6.6.2016
IT
Gazzetta ufficiale dell’Unione europea
C 200/32
Ricorso proposto il 13 aprile 2016 — Panzeri/Parlamento
(Causa T-166/16)
(2016/C 200/45)
Lingua processuale: l’italiano
Parti
Ricorrente: Pier Antonio Panzeri (Calusco d’Adda, Italia) (rappresentante: C. Cerami, avvocato)

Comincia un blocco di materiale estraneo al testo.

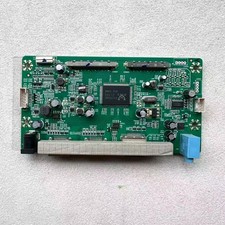 ViewSonic VX2780-2K-hd Main Board V.RT56C For LM270WQ4 picture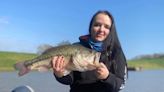 DNR proposes lifting C-and-R restrictions for bass on four popular lakes - WV MetroNews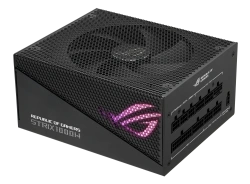 Asus ROG STRIX 1000W Gold Aura Edition - product card image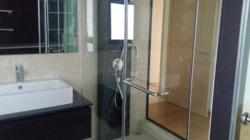 Nin Residence (D13), Apartment #62052462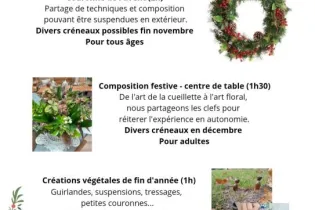 ATELIERS NATURE CREATIFS AUTOMNE 2026_20261010_224733_0000 - ©Julie Pinçon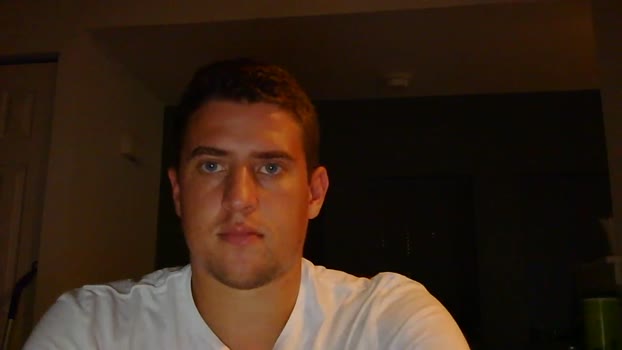 hunghockeydude 19-09-2024 video fuckme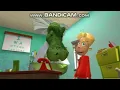 Download Lagu Planet Sketch, The Best of Dr. Inasaur (season 1)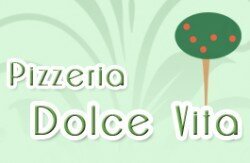 Profilbild von Pizzeria Dolce Vita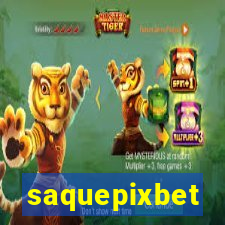 saquepixbet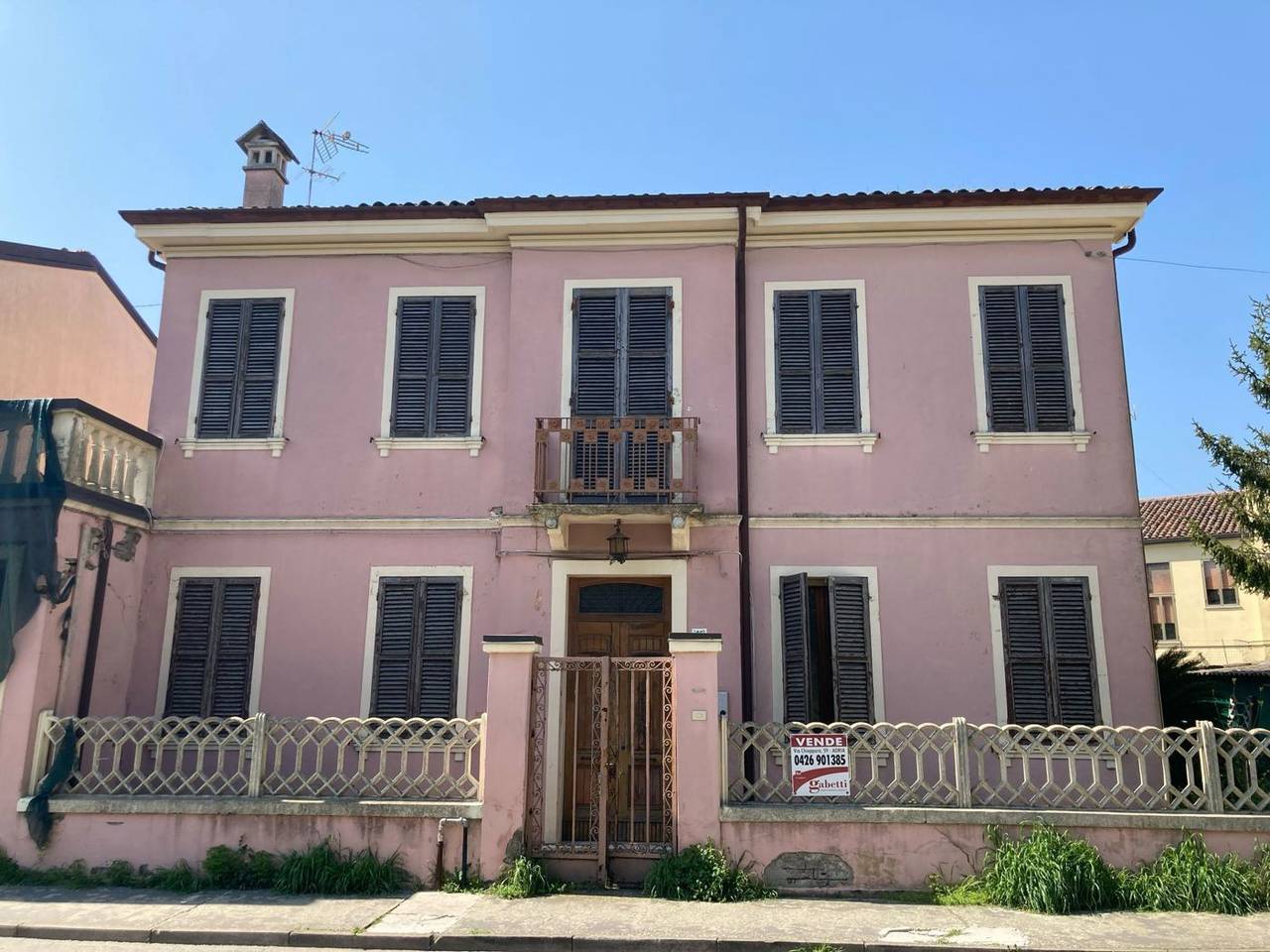 immagine annuncio 14 di 15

Convenuto: Parlamento europeo
Conclusioni
Il ricorrente chiede che il Tribunale voglia:
—
Accogliere il presente ricorso e, per l’effetto, annullare i provvedimenti impugnati perché illegittimi;
—
Conseguentemente, condannare il Parlamento Europeo alla restituzione di 12 000 Euro, oltre interessi e rivalutazione, ovvero della maggior somma che in corso di causa verrà corrisposta in ottemperanza all’ingiunzione impugnata.
—
Con vittoria di spese e compensi del presente giudizio.
Motivi e principali argomenti
Il presente ricorso si rivolge contro la nota prot. n. D 302681, dell’11 febbraio 2016, del Segretario Generale del Parlamento Europeo, recante motivazione all’allegata nota di debito n. 2016-207, della stessa data, avente per oggetto il recupero delle somme che sarebbero state indebitamente percepite a titolo d’indennità di assistenza parlamentare.
I motivi e principali argomenti sono quelli invocati nella causa T-677/15, Panzeri/Parlamento e Commissione (DO 2016 C 27, pag. 11).